Sunday, December 31, 2006

Of the case for fair use: digital distribution of course materials: creative destruction

5. Creative Destruction

There is a theory that departs from the market failure framework entirely. Raymond Shih Ray Ku suggests that “creative destruction” could supply an economic rationale for a broader interpretation of fair use.[1]

Creative destruction describes the process by which industries change from within when radical new ways of doing business undermine and eventually replace old ways. We can see this process at work in the evolution of distribution systems for copyrighted materials. Digital networks, home computers and Internet connectivity are poised to replace the physical distribution of analog media. Ku argues that law should not take sides in this process by artificially supporting the old ways of doing business through, in this case, that grant of a strong monopoly right, at the expense of the newer alternatives. Law should be neutral and let markets and evolving business models sort things out. He suggests that applying the concept of creative destruction to the analysis of the fourth fair use factor would facilitate this neutral approach (appropriately weakening the monopoly) by yielding different results from those obtained with market failure analysis.

As Ku describes it, a court can find that the fourth factor favors fair use, in other words that there has been no harm to the market for or value of a copyrighted work 1) where the copying at issue has been carried out by the person who will use the copy[2] and 2) the copying does not undermine the copyright owner’s incentive because creation of the work does not depend on the sale of copies.[3] Clearly this theory incorporates the idea that a copyright owner is not entitled to all possible sources of revenue for his creations, just those required to fund creation.
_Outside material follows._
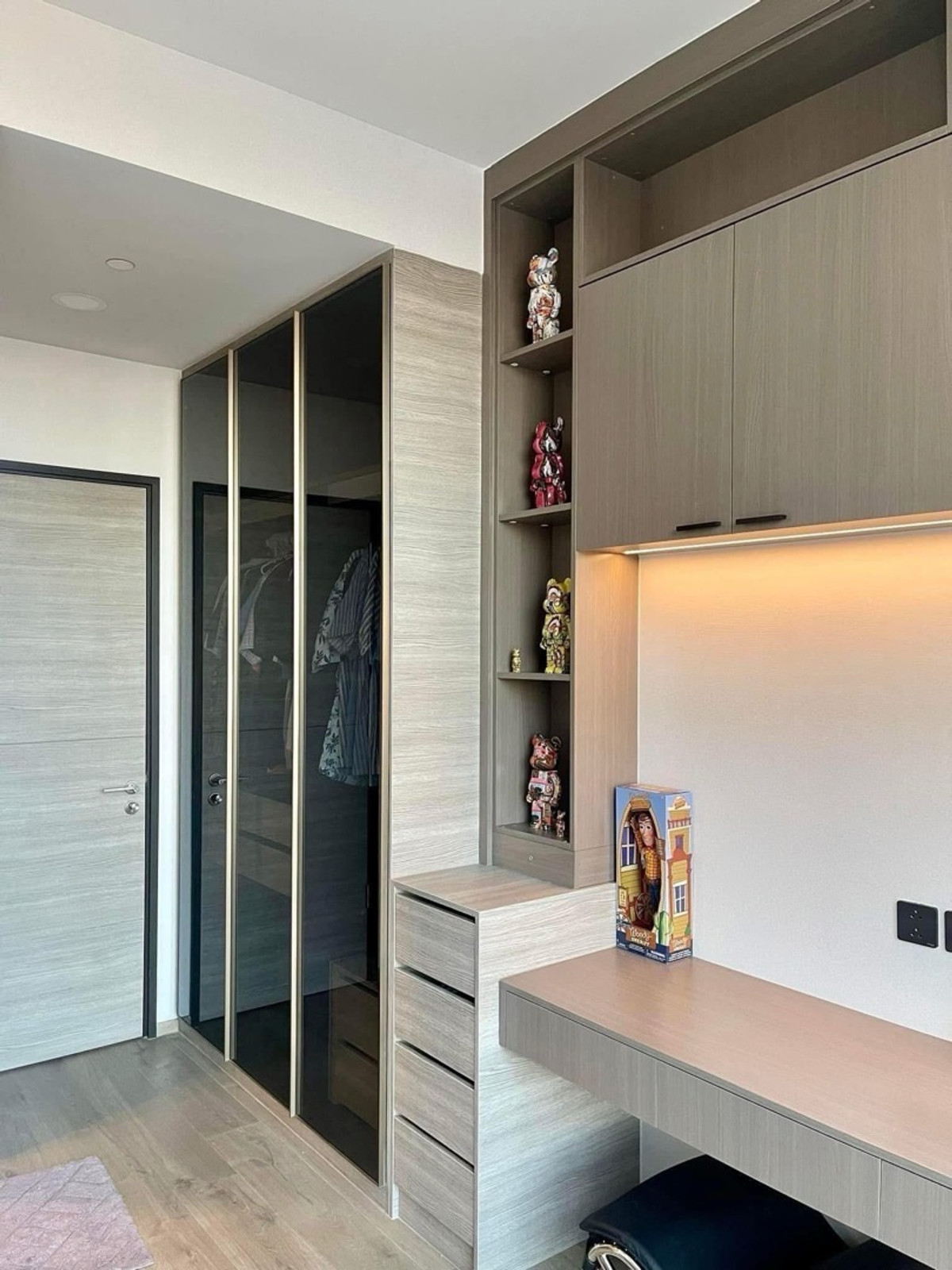 ขายคอนโด The Crest Park Residences ห้าแยกลาดพร้าว | ชั้นสูง วิวเซ็นทรัลลาดพร้าว | ใกล้ BTS ห้าแยกลาดพร้าว & MRT พหลโยธิน | ห้องใหม่ เฟอร์ครบ พร้อมเข้าอยู่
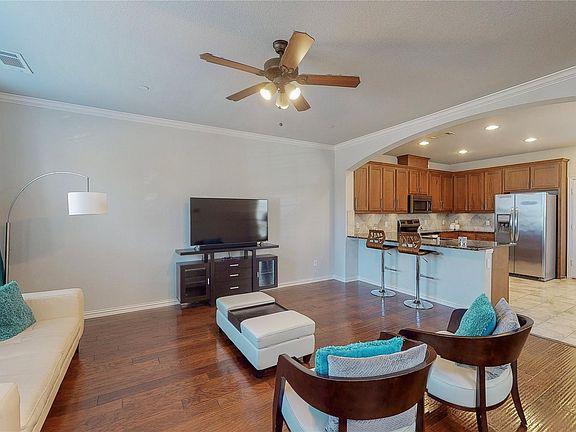 3rd image of 2556 Sarah Ln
It draws the line in a different place from Sony. Sony considered harm to current sources of funding and took external societal benefits into consideration as a counterbalance to harm to the copyright owner. A court relying on creative destruction can consider whether creation depends on the funding.[4] Copyright owners would not be entitled to any revenues that do not directly fund creation, even if they had received them traditionally and the proposed use eliminated or greatly reduced them.



[1] Shih Ray Ku, R., Consumers and creative destruction: Fair use beyond market failure. 18 Berkeley Technology & Law Journal 539 (2003).

[2] Indeed, the person making a copy has bought and paid for the entire distribution system himself: he buys a computer, a printer, a CD burner, and he subscribes to Internet service. The total cost of the system to make and distribute copies is no longer an expense borne by the copyright owner. Shih Ray Ku, Consumers and Creative Destruction, pp. 544 – 545.

[3] Shih Ray Ku, Consumers and creative destruction, 565 - 566.

[4] This argument would probably suffer from similar definitional problems to those described above for market dysfunction: Which revenues are necessary to fund creation and which are not?